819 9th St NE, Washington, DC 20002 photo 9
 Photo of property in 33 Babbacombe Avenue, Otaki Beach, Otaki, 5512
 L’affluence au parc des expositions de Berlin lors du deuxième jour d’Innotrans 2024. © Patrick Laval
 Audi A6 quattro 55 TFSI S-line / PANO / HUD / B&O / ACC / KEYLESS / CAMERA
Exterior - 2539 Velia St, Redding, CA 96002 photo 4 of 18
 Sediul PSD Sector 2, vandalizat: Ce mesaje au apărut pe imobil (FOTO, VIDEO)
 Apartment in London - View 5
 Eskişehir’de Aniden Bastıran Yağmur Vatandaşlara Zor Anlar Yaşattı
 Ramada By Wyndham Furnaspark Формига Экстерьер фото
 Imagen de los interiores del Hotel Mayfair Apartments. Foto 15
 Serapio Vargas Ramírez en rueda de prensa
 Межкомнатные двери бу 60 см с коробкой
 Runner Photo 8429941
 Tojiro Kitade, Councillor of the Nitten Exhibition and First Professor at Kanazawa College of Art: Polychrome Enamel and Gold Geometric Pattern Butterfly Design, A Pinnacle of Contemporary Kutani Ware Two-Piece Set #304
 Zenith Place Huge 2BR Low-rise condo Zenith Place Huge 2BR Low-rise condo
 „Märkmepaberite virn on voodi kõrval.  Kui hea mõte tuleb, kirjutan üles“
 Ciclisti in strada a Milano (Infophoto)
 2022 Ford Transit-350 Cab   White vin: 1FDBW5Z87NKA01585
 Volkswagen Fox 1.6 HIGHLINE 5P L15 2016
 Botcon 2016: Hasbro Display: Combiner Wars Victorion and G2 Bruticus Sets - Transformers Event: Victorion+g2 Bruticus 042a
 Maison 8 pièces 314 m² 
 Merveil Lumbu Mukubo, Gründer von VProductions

_ _ _ _

• _To do_:
Exactly reproduce the lines of the data above that run from the line containing "2022 Ford Transit-350" through the final one.

• _Solution below_:
 2022 Ford Transit-350 Cab   White vin: 1FDBW5Z87NKA01585
 Volkswagen Fox 1.6 HIGHLINE 5P L15 2016
 Botcon 2016: Hasbro Display: Combiner Wars Victorion and G2 Bruticus Sets - Transformers Event: Victorion+g2 Bruticus 042a
 Maison 8 pièces 314 m² 
 Merveil Lumbu Mukubo, Gründer von VProductions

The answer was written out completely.